I am studying algorithms and I came across this problem:
$t(1) = 1$ and $t(n) = 4t(n/2) + n^2$
Calculate the exact value of $t(n)$ for all $n=2^l, l \in N $
Initially I thought this would be a master theorem problem, but how would I go on to find the exact value of a recursion equation?

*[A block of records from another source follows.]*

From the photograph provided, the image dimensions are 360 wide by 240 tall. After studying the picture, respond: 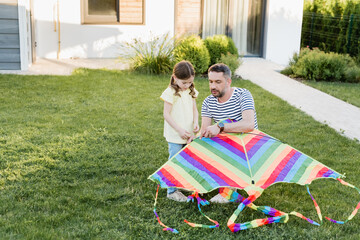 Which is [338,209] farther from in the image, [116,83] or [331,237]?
[116,83]

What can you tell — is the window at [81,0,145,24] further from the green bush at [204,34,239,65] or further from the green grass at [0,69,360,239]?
the green grass at [0,69,360,239]

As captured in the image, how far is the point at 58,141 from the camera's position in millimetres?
5105

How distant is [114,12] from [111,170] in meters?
8.52

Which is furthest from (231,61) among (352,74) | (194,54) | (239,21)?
(239,21)

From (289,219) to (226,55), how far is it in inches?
272

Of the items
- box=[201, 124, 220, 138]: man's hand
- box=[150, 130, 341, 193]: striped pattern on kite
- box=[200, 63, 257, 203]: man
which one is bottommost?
box=[150, 130, 341, 193]: striped pattern on kite

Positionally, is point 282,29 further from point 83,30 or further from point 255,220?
point 255,220

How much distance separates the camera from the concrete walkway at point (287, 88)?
650cm

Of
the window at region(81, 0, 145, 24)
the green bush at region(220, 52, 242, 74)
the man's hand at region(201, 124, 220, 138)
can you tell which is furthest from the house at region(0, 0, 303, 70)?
the man's hand at region(201, 124, 220, 138)

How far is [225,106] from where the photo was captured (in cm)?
372

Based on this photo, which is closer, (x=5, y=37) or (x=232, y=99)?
(x=232, y=99)

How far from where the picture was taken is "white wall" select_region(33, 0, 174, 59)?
11.4 m

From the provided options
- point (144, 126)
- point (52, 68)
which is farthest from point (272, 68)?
point (144, 126)

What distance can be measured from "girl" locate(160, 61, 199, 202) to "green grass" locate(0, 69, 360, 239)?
1.44 feet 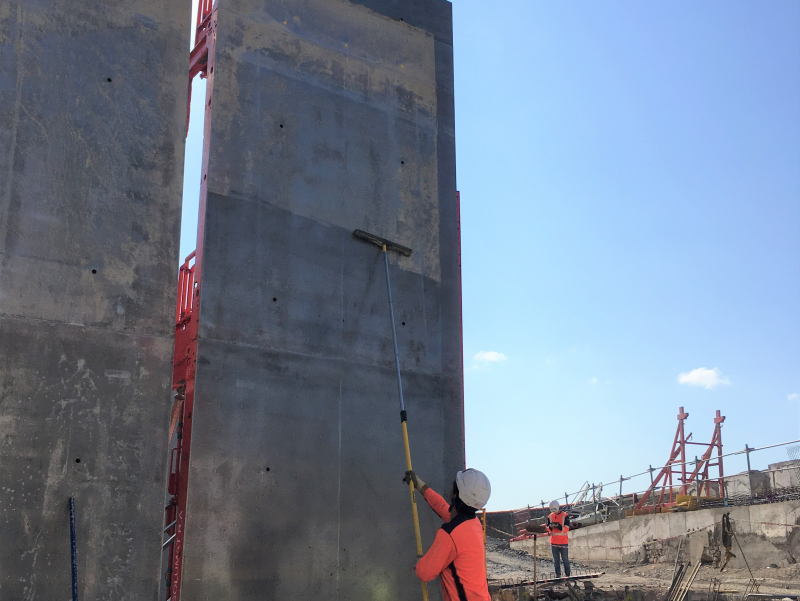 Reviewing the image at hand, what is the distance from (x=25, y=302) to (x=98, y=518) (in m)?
1.94

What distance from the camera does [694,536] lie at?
579 inches

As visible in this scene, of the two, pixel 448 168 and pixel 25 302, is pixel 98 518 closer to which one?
pixel 25 302

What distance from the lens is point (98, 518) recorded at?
6.18 meters

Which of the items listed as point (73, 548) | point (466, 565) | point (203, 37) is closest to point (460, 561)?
point (466, 565)

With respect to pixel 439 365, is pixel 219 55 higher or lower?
higher

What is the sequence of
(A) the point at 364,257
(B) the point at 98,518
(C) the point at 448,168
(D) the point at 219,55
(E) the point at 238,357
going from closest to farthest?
(B) the point at 98,518
(E) the point at 238,357
(D) the point at 219,55
(A) the point at 364,257
(C) the point at 448,168

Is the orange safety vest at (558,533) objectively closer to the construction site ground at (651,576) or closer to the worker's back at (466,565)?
the construction site ground at (651,576)

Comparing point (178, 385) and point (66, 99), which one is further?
point (178, 385)

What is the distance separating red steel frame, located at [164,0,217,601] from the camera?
23.3 ft

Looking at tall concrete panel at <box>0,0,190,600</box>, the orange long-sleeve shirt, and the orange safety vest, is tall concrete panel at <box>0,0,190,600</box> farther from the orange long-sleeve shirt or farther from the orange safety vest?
the orange safety vest

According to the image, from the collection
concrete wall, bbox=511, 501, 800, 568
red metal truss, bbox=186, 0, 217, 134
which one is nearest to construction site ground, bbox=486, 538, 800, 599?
concrete wall, bbox=511, 501, 800, 568

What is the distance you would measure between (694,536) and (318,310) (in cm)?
1045

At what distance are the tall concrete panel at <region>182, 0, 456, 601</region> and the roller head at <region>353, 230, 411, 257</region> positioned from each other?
3.8 inches

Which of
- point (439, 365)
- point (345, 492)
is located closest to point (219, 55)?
point (439, 365) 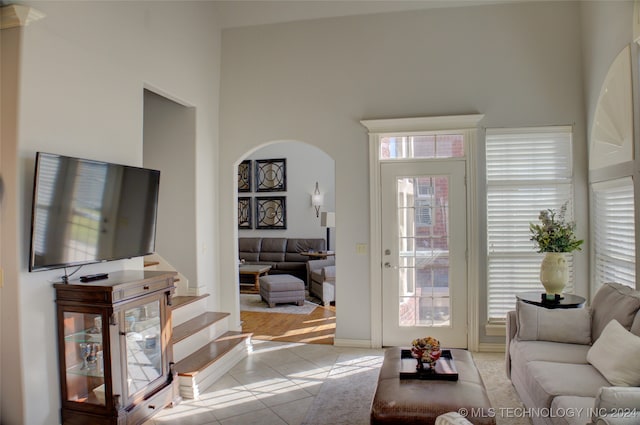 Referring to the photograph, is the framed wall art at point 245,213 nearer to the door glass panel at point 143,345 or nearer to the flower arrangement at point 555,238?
the door glass panel at point 143,345

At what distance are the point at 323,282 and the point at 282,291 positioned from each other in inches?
26.5

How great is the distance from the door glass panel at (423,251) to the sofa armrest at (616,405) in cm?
270

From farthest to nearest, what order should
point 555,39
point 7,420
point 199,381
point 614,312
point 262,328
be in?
point 262,328
point 555,39
point 199,381
point 614,312
point 7,420

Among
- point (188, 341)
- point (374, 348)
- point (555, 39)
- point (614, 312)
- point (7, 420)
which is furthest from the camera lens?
point (374, 348)

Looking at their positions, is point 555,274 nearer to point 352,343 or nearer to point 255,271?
point 352,343

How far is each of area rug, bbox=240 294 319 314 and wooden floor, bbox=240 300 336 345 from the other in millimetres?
157

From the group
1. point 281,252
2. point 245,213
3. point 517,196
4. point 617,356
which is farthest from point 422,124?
point 245,213

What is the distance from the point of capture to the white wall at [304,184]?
8.84 meters

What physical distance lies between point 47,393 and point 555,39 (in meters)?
5.29

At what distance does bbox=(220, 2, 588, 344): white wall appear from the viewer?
14.1 ft

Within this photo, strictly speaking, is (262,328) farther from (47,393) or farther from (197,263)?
(47,393)

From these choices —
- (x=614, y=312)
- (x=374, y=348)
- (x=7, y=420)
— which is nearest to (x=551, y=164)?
(x=614, y=312)

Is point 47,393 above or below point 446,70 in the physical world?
below

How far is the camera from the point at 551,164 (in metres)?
4.35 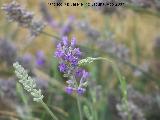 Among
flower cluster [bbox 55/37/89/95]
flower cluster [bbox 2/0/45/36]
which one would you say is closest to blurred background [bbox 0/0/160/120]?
flower cluster [bbox 2/0/45/36]

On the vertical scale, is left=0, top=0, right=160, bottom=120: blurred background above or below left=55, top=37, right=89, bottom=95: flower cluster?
below

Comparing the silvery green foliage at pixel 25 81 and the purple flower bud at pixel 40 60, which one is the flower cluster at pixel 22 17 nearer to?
the silvery green foliage at pixel 25 81

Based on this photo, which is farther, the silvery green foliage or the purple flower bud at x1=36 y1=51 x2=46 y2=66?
the purple flower bud at x1=36 y1=51 x2=46 y2=66

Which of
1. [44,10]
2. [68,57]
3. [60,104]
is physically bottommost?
[60,104]

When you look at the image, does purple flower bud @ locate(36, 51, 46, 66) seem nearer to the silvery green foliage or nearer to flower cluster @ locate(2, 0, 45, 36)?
flower cluster @ locate(2, 0, 45, 36)

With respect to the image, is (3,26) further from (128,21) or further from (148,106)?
(148,106)

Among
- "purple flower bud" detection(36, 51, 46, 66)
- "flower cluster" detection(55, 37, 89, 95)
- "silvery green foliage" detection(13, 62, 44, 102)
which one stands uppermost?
"flower cluster" detection(55, 37, 89, 95)

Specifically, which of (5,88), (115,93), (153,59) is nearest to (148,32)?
(153,59)

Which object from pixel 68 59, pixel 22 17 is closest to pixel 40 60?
pixel 22 17

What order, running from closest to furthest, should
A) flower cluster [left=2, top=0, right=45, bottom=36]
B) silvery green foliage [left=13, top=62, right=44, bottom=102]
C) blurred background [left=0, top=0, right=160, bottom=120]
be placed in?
silvery green foliage [left=13, top=62, right=44, bottom=102] < flower cluster [left=2, top=0, right=45, bottom=36] < blurred background [left=0, top=0, right=160, bottom=120] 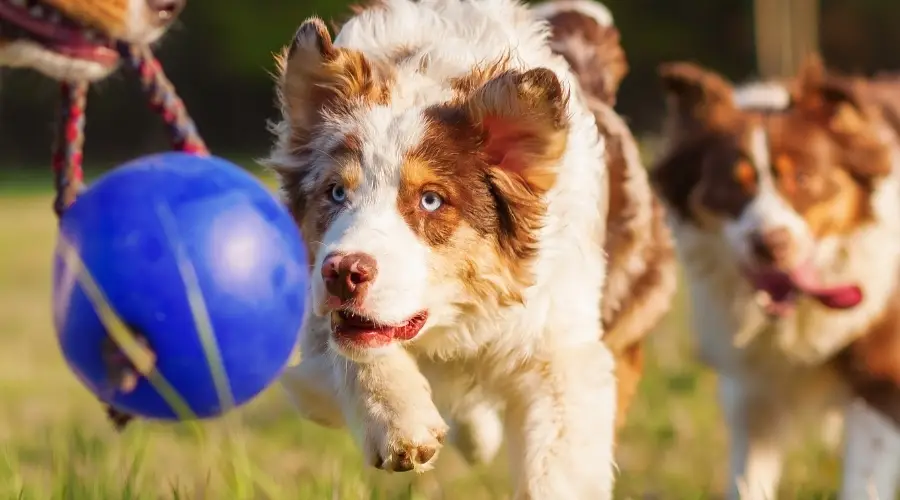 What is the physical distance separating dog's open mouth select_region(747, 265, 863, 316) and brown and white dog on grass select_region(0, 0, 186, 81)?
7.50 ft

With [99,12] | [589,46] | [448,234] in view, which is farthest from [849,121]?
[99,12]

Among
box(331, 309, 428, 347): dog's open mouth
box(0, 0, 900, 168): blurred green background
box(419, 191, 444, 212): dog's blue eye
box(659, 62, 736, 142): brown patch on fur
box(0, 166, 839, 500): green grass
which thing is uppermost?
box(419, 191, 444, 212): dog's blue eye

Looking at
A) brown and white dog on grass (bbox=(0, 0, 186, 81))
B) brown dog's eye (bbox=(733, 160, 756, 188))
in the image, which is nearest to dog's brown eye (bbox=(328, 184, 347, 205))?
Answer: brown and white dog on grass (bbox=(0, 0, 186, 81))

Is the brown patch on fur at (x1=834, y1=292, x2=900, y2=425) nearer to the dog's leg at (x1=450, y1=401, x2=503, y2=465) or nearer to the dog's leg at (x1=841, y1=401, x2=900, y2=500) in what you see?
the dog's leg at (x1=841, y1=401, x2=900, y2=500)

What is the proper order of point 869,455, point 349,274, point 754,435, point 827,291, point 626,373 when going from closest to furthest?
1. point 349,274
2. point 626,373
3. point 869,455
4. point 827,291
5. point 754,435

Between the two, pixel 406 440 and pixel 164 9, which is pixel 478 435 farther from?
pixel 164 9

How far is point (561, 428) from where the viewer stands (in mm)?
3371

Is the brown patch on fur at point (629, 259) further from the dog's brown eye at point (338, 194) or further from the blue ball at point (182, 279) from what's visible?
the blue ball at point (182, 279)

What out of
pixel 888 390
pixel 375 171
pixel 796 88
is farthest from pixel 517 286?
pixel 796 88

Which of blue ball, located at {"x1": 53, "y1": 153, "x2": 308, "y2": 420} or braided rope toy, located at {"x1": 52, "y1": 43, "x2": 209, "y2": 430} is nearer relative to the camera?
blue ball, located at {"x1": 53, "y1": 153, "x2": 308, "y2": 420}

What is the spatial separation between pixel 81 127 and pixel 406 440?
1.51 meters

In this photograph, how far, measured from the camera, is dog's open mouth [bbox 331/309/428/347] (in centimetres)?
292

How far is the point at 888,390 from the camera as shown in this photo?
4523 millimetres

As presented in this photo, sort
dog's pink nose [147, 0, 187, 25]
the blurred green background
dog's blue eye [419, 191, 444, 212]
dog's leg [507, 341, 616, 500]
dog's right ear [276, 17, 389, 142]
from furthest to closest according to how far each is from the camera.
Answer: the blurred green background → dog's pink nose [147, 0, 187, 25] → dog's leg [507, 341, 616, 500] → dog's right ear [276, 17, 389, 142] → dog's blue eye [419, 191, 444, 212] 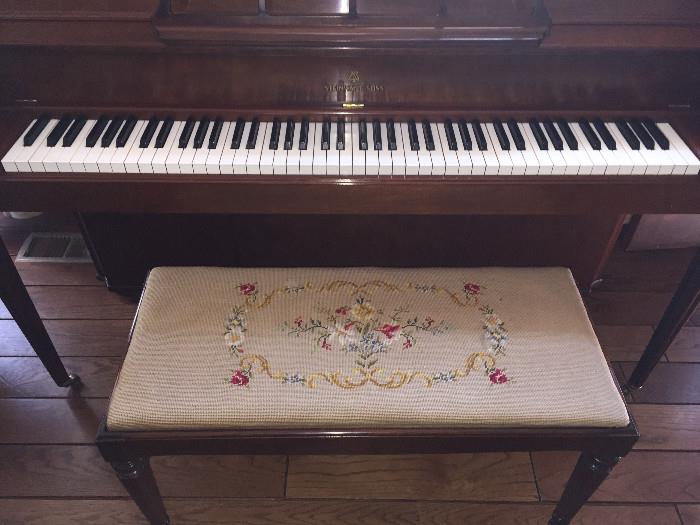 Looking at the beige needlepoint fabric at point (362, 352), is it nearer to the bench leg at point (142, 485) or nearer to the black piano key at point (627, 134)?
the bench leg at point (142, 485)

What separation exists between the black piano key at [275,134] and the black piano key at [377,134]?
24 centimetres

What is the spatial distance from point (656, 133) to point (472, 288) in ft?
1.94

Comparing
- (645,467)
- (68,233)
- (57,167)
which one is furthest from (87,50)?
(645,467)

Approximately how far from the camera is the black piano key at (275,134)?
1.44 meters

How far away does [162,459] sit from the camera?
1.75 m

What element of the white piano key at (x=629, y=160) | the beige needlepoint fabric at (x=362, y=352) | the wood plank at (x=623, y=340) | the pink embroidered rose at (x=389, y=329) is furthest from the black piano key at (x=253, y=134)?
the wood plank at (x=623, y=340)

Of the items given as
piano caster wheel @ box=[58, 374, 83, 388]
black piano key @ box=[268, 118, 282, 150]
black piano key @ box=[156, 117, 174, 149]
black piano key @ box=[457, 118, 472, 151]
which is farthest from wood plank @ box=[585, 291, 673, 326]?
piano caster wheel @ box=[58, 374, 83, 388]

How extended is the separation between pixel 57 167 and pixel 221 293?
1.57 ft

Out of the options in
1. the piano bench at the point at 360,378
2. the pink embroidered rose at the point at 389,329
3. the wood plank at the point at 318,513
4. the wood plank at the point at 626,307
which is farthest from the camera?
the wood plank at the point at 626,307

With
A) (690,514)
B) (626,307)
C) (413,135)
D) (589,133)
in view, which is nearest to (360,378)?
(413,135)

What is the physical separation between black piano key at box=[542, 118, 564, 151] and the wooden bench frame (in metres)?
0.65

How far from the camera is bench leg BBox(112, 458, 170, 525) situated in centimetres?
128

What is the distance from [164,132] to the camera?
57.7 inches

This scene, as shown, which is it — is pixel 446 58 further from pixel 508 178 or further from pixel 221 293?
pixel 221 293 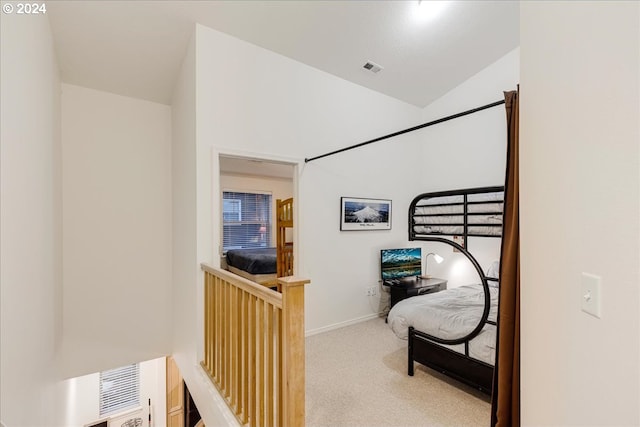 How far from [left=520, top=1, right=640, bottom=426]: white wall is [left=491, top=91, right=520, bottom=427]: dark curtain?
0.57ft

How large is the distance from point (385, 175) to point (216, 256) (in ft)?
8.70

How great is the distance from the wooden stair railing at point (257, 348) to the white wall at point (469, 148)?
138 inches

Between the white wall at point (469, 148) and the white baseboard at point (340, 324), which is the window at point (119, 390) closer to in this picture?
the white baseboard at point (340, 324)

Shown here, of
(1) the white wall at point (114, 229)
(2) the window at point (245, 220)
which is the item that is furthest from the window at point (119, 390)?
(2) the window at point (245, 220)

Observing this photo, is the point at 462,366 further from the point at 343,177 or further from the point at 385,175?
the point at 385,175

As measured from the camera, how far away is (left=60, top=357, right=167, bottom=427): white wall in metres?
4.97

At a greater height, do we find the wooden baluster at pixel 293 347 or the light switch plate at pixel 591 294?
the light switch plate at pixel 591 294

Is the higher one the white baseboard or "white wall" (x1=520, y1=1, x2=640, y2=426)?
"white wall" (x1=520, y1=1, x2=640, y2=426)

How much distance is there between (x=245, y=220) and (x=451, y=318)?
530cm

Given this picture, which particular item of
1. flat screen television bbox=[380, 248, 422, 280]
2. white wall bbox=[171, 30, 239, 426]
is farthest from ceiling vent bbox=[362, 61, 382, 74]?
flat screen television bbox=[380, 248, 422, 280]

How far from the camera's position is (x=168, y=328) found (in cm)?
382

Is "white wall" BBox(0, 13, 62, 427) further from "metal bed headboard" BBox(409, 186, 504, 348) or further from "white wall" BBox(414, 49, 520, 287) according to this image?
"white wall" BBox(414, 49, 520, 287)

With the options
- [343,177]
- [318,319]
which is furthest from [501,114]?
[318,319]

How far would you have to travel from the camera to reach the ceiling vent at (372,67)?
3.59 metres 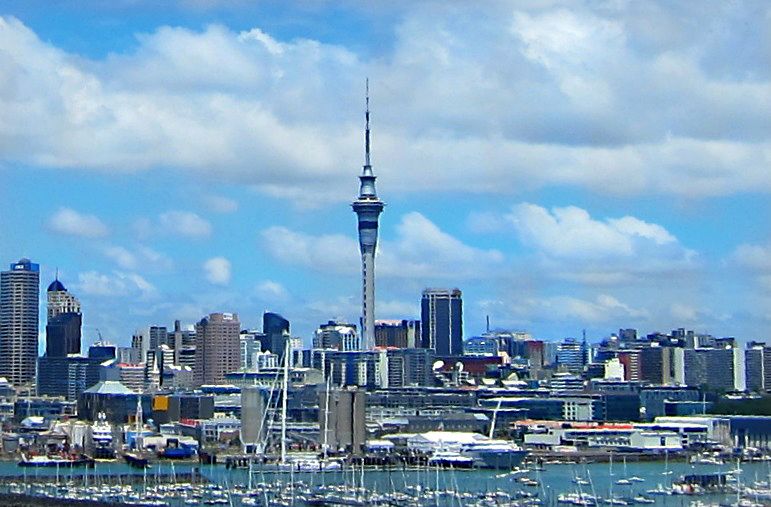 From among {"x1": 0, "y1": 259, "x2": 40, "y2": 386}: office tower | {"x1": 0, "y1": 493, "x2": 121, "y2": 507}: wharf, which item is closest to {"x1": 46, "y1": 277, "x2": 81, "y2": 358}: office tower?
{"x1": 0, "y1": 259, "x2": 40, "y2": 386}: office tower

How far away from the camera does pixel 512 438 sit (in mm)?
94500

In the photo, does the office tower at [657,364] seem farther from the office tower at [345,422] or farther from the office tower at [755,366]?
the office tower at [345,422]

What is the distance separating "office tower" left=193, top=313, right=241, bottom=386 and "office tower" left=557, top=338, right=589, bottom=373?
3137 cm

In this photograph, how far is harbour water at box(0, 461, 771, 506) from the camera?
52.8 metres

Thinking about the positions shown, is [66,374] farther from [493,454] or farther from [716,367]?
[493,454]

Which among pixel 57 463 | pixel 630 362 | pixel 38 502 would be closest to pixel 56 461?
pixel 57 463

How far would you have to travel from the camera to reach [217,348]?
15712 centimetres

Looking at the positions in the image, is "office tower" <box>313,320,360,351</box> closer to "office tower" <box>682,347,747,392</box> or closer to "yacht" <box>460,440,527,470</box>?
"office tower" <box>682,347,747,392</box>

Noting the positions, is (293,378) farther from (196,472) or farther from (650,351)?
(196,472)

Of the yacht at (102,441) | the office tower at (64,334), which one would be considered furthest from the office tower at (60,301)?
the yacht at (102,441)

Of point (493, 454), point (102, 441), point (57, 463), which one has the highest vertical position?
point (102, 441)

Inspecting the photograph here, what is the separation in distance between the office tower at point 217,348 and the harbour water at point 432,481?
7646 cm

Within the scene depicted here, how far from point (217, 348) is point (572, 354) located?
119ft

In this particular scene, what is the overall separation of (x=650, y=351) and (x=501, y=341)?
2794 centimetres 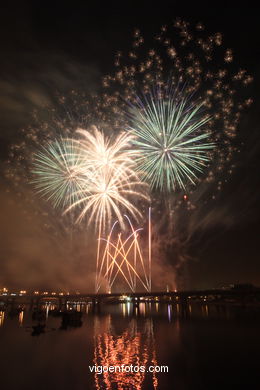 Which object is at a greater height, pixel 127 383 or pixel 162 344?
pixel 162 344

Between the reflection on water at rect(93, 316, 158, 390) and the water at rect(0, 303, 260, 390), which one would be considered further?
the water at rect(0, 303, 260, 390)

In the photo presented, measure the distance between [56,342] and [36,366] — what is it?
15.9m

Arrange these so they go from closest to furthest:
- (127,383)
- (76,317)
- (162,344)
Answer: (127,383) → (162,344) → (76,317)

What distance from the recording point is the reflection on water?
29.1 m

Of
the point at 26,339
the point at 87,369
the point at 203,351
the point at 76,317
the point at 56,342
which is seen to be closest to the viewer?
the point at 87,369

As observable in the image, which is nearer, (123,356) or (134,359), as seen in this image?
(134,359)

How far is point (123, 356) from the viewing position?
130ft

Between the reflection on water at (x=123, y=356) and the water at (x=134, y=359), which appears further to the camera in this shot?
the water at (x=134, y=359)

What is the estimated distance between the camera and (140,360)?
122 ft

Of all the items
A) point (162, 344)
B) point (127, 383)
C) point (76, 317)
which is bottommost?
point (127, 383)

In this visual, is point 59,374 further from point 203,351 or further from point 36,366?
point 203,351

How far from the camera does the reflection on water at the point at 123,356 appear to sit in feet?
95.4

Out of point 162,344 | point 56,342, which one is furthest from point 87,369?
point 56,342

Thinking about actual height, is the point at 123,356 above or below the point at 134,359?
above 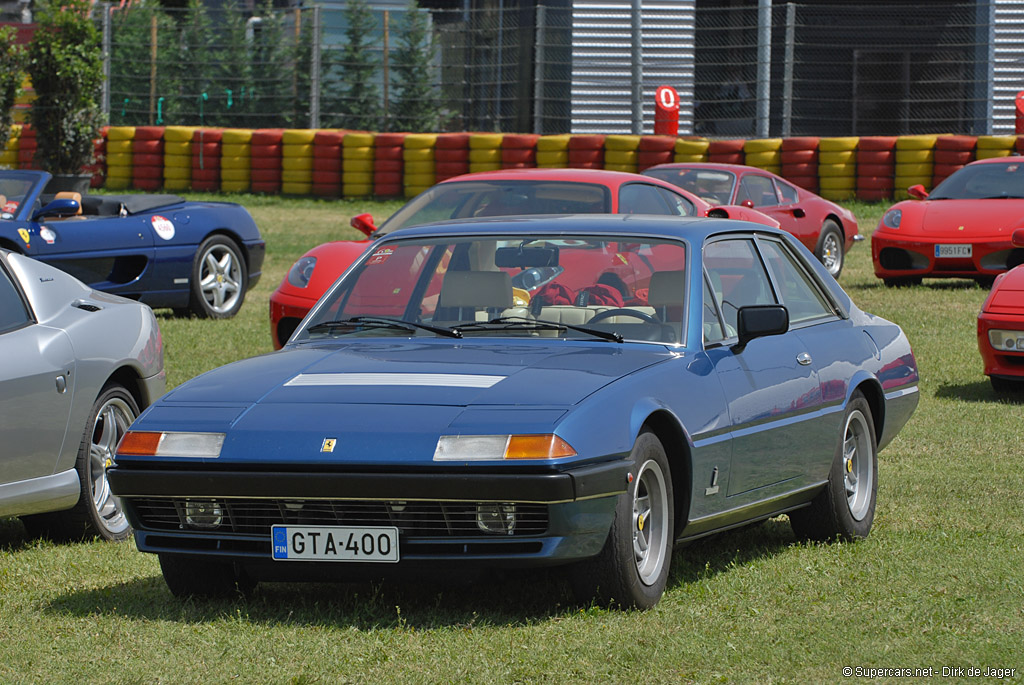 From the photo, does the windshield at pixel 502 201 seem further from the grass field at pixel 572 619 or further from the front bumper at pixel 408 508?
the front bumper at pixel 408 508

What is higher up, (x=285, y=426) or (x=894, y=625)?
(x=285, y=426)

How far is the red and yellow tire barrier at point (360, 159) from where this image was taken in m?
23.4

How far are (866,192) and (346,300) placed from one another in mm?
16653

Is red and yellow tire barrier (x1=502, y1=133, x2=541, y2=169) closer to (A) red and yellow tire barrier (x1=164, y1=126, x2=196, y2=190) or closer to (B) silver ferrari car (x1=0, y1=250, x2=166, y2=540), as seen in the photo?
(A) red and yellow tire barrier (x1=164, y1=126, x2=196, y2=190)

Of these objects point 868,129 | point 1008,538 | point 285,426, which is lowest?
point 1008,538

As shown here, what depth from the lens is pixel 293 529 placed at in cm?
448

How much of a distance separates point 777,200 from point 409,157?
8154 mm

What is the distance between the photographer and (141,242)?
12.6 metres

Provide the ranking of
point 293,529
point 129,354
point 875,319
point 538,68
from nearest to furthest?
1. point 293,529
2. point 129,354
3. point 875,319
4. point 538,68

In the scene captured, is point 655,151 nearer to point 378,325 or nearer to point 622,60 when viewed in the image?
point 622,60

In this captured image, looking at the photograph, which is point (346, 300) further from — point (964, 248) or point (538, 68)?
point (538, 68)

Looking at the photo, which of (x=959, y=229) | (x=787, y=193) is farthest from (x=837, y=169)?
(x=959, y=229)

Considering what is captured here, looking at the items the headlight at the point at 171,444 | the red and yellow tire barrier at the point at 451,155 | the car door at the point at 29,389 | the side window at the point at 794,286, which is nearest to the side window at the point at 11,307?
the car door at the point at 29,389

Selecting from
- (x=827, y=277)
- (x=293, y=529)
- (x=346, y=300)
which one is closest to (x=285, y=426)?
(x=293, y=529)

We can rewrite the recurrence: $$ T(2^\ell) = 4T(2^{\ell-1})+ 4^\ell,\ \ T(2^0)=1. $$
Computing the first few values, we have: \begin{align} T(2^0) &= T(1) = 1\\ T(2^1) &= 4T(2^0) + 4^1 = 4\cdot1 + 4 = 8\\ T(2^2) &= 4T(2^1) + 4^2 = 4\cdot 8 + 16 = 48\\ T(2^3) &= 4(2^2) + 4^3 = 4\cdot 48 + 64 = 256. \end{align}
This suggests the pattern $T(2^\ell) = 4^\ell(1+\ell)$. Indeed, $T(2^0) = 4^0(1+0) = 1$, and if $T(2^\ell) = 4^\ell(1+\ell)$ for some $\ell\geqslant 0$ then $$ T(2^{\ell+1}) = 4T(2^{\ell}) + 4^\ell = 4^\ell(2+\ell), $$ so by induction this expression holds for all nonnegative integers $\ell$.